LENR and Off-Grid Living

Here’s an interesting article titled “How You Can Benefit from a Resilient Community” from the OffTheGridNews.com web site that I hadn’t seen until now (the story was published in July). The site deals with survivalist and self-sufficiency topics such as gardening, alternative energy, hunting, alternative health, etc., and it is the first such site in which I have noticed LENR being mentioned as a possible future source of energy for those who want to live as independently as possible.

The article mentions the Hunt Utilities Group (HUG) in Pine River, Minnesota, who are conducting much of the LENR research that the Martin Fleischmann Memorial Project is pursuing. I didn’t realize that a major goal of HUG, which is located on a 70 acre site, is to create a community that can live independent of fossil fuels. From the article:

The Group has also become involved in research into Low Energy Nuclear Reaction (LENR), AKA cold fusion. Don’t laugh; there’s actually a lot of evidence that the phenomenon exists, and some serious scientists, including Nobel Prize winner Brian Josephson, think it’s for real. HUG has been working with a technology developed by Francesco Celani, a distinguished Italian physicist who has built what he claims is a LENR device.

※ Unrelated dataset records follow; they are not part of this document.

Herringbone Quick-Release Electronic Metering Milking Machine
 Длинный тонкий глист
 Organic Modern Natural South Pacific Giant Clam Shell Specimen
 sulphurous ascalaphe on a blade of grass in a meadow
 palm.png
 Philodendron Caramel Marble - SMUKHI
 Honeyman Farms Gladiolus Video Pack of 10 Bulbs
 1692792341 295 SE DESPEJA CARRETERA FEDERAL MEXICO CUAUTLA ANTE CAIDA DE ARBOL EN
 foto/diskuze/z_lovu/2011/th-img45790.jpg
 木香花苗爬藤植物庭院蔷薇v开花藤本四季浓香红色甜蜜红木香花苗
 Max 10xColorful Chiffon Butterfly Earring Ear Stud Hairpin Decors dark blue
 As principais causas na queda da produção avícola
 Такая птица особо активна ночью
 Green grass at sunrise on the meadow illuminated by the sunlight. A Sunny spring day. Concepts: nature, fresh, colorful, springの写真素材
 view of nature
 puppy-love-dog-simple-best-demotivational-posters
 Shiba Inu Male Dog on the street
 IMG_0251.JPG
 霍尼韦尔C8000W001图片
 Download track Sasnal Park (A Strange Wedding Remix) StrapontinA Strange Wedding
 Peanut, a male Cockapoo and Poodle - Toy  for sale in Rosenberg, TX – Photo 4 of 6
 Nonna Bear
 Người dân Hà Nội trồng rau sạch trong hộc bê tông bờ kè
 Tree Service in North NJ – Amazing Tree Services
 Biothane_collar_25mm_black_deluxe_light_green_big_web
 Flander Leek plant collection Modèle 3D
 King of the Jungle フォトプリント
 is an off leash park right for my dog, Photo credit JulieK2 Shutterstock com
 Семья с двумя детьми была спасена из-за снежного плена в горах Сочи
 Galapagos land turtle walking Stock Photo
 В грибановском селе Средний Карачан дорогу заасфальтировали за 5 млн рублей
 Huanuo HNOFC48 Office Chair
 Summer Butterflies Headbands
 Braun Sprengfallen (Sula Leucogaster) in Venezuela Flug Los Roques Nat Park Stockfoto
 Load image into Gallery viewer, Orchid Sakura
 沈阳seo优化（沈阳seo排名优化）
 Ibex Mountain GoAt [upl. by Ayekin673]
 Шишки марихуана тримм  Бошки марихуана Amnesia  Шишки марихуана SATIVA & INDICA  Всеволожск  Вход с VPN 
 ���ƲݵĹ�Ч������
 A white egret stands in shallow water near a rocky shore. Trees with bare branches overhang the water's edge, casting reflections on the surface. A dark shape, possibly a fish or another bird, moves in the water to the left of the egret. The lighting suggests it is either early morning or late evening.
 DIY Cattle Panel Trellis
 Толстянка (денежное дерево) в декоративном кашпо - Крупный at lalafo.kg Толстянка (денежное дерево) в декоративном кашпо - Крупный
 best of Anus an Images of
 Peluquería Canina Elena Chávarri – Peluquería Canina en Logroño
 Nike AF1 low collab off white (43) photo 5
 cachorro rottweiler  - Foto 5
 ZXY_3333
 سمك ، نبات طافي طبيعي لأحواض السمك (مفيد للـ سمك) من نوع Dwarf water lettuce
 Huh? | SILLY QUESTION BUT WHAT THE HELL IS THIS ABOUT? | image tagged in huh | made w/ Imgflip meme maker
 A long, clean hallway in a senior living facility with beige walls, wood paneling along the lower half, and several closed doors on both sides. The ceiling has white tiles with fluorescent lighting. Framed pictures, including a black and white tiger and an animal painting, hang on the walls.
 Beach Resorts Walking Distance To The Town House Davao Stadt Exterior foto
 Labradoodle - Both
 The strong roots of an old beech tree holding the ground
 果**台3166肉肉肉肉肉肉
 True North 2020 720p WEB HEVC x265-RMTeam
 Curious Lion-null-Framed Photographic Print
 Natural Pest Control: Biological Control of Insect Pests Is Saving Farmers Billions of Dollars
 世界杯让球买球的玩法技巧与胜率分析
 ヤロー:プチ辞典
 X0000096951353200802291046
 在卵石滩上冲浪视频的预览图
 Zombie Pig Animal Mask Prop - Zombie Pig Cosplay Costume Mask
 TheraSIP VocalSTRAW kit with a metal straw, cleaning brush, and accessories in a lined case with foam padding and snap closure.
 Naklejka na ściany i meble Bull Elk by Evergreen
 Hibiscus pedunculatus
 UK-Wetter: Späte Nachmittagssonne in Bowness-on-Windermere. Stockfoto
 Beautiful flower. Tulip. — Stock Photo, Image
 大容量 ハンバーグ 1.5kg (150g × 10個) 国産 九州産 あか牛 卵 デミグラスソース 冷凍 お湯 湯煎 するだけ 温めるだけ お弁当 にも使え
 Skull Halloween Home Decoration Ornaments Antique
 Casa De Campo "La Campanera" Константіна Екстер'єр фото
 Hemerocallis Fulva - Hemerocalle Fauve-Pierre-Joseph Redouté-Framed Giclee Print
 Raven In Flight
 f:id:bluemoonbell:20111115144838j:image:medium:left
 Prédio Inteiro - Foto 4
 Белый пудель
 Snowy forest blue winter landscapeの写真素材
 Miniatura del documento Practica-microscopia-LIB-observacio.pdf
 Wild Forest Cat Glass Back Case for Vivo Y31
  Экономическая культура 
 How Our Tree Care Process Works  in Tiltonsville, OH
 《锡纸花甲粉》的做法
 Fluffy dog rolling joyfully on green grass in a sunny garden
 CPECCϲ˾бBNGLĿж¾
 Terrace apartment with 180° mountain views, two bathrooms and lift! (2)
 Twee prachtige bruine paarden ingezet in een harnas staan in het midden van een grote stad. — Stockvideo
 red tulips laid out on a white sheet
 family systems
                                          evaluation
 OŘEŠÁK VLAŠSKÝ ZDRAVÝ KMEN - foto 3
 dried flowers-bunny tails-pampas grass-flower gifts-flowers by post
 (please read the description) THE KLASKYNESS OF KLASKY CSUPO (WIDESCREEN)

The group is trying to develop a home power source from the technology. It’s still too early to see if this is real or not, but it’s interesting. If HUG, Italian inventor Andrea Rossi (who also claims to have a working LENR device but presents no evidence of it), and others are right, it might someday be possible for you to generate all the power you need with a device about the size of a furnace.

It doesn’t surprise me at all to find those in the off-grid living culture paying attention to LENR. Local energy production is one of the key goals of many people who want to live as independently as possible. Solar and wind energy systems have been the off-grid power sources of choice for many to this point, but LENR may be a more more attractive solution if it can provide power more consistently, reliably and cheaply than these alternatives.

Of course there’s a long way to go before LENR-powered off-grid living may become a reality, but if news of its potential spreads I think there will be a lot more interest from people and organizations with an interest in self-sufficient living.